#### Work required:
Return exactly the lines from the "Kelly 32 White Epsom Sellier" line through the last line of the entries below. Include no pictures.

--- Dataset entries Enclosed Below ---

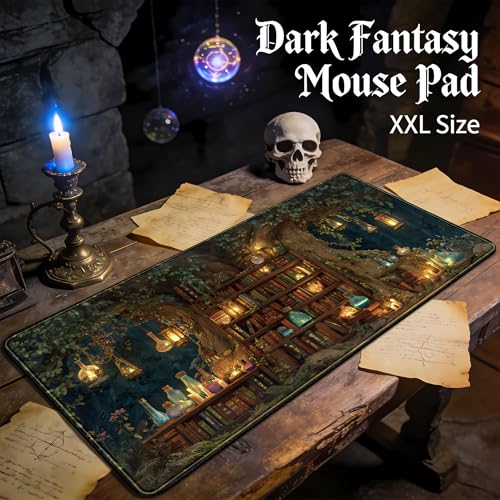 Desk Mat Large Mouse Pad Magical Tree Gaming Desk Pad, Extended Keyboard and Mouse Mat XXL, Computer Mats for Desktop Full Desktop Laptop Mat, Anime Dark Academia Office Desk Decor 31.5x15.7 Inch - color: Enchanted Forest Library
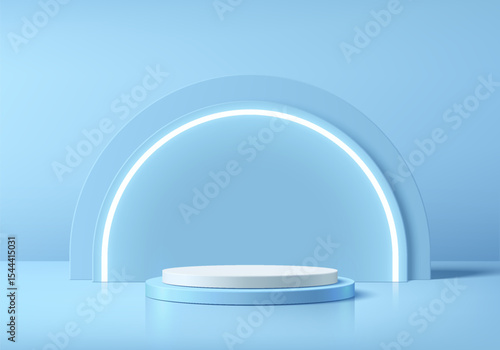 Blue round podium 3D background with semi-circle neon lighting backdrop. Abstract composition in minimalist design. Studio display showroom stands product pedestal, Fashion stage showcase mockup scene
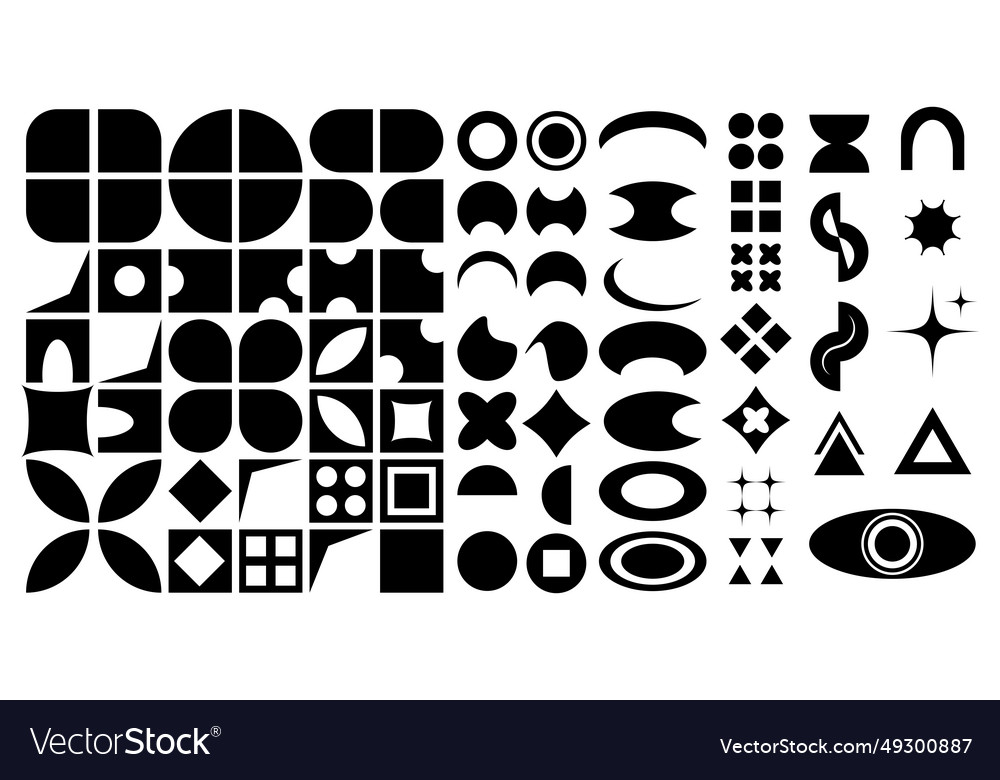 Set of abstract aesthetic y2k geometric elements Vector Image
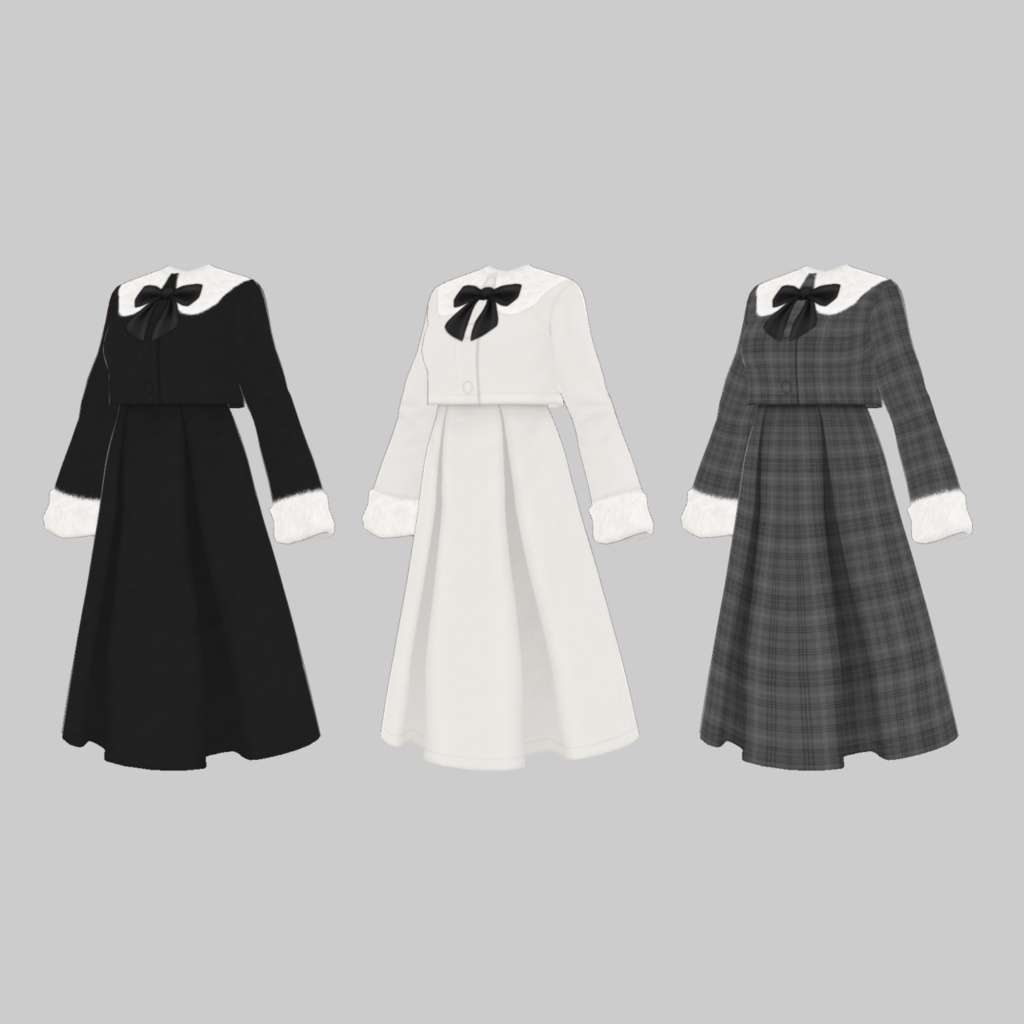 リボンのファーコート【VRoid】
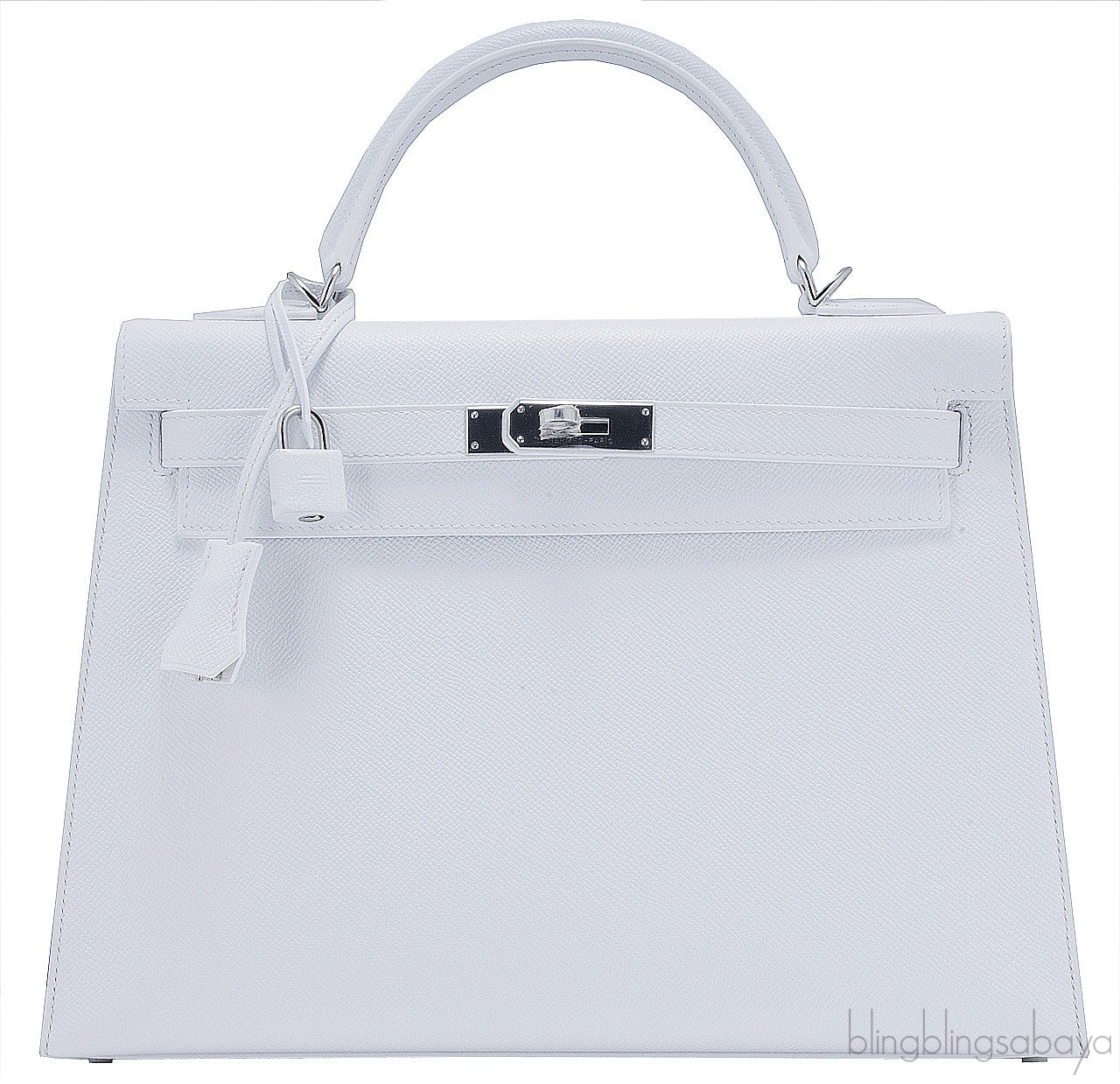Kelly 32 White Epsom Sellier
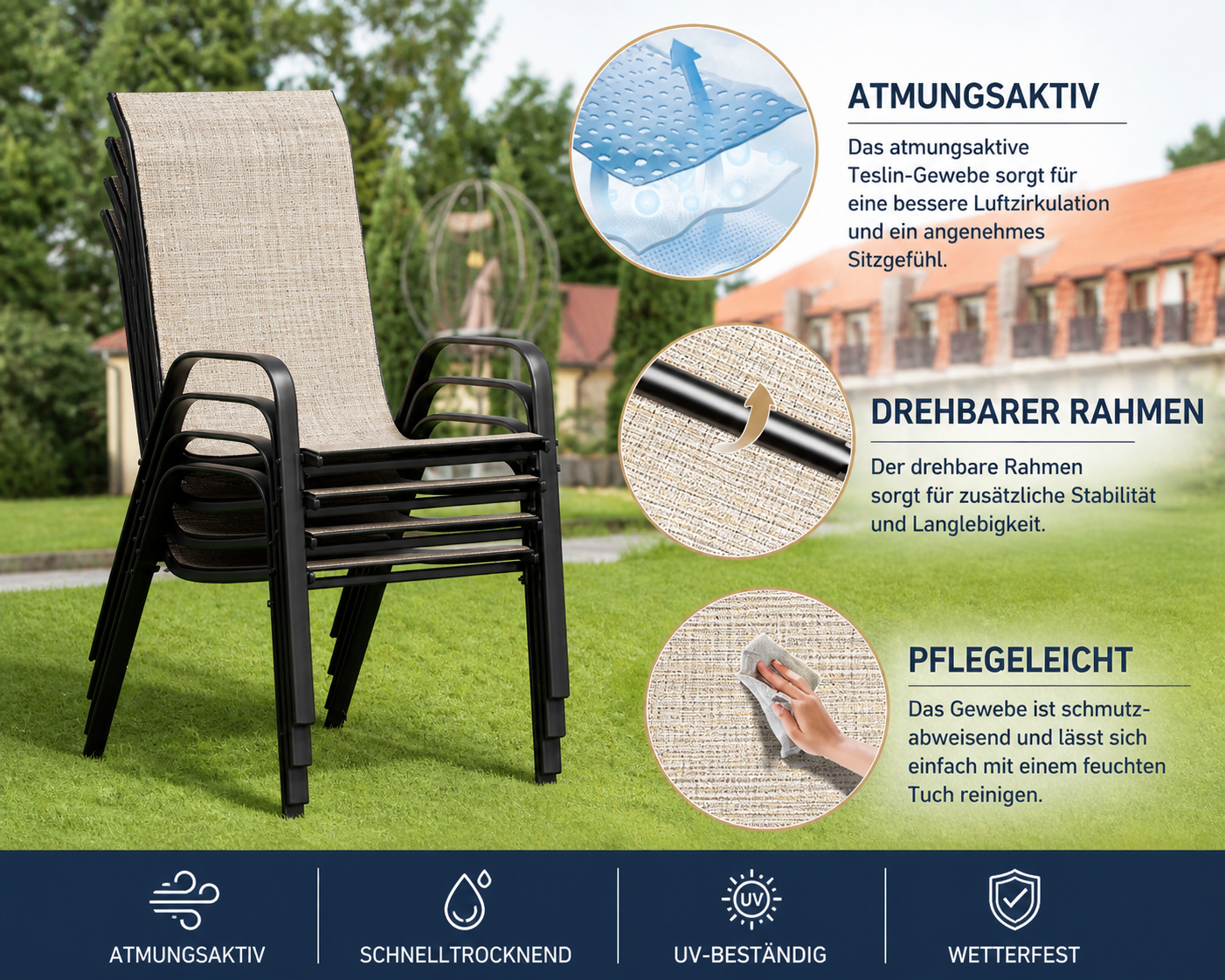 Terrassenstühle wetterfest mit hoher Rückenlehne und Komfort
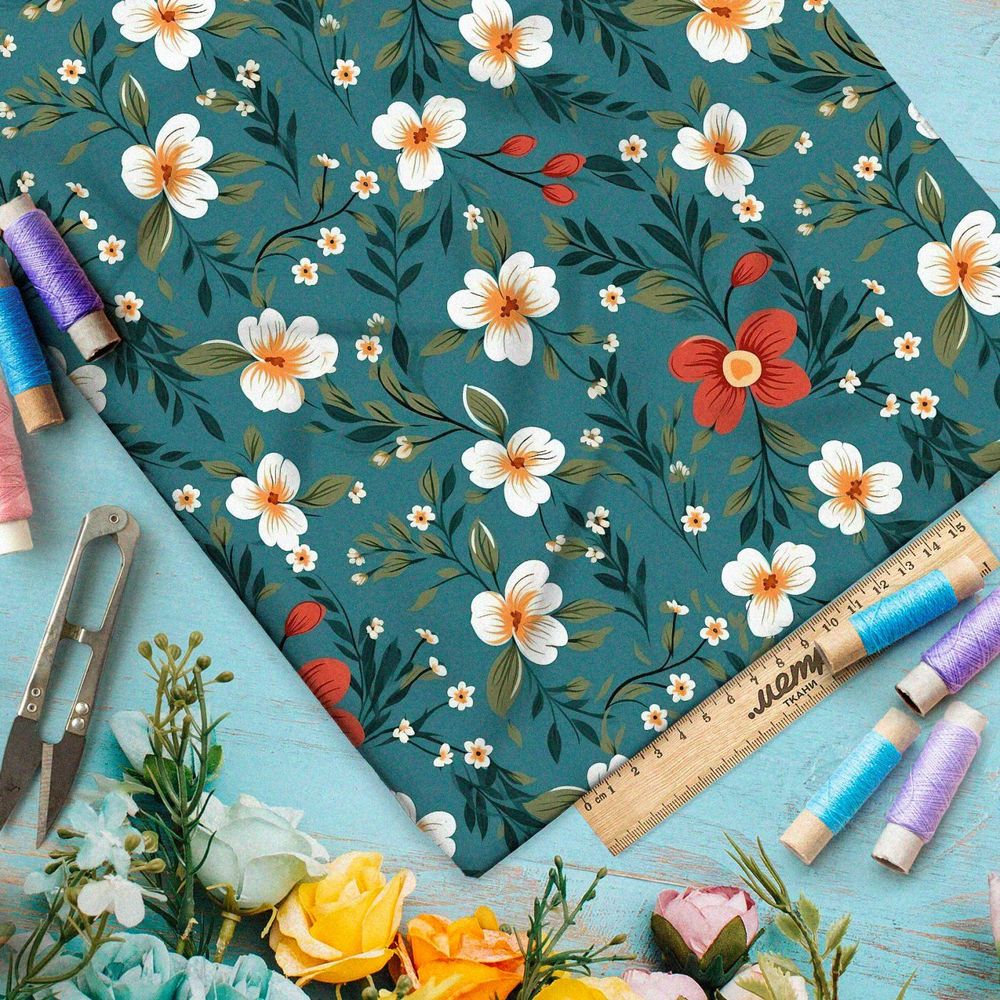 Ткань премиум дюспо весенний цветочный ветер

--- End of Enclosed Dataset entries ---

#### Solution to the problem:
Kelly 32 White Epsom Sellier
 Terrassenstühle wetterfest mit hoher Rückenlehne und Komfort
 Ткань премиум дюспо весенний цветочный ветер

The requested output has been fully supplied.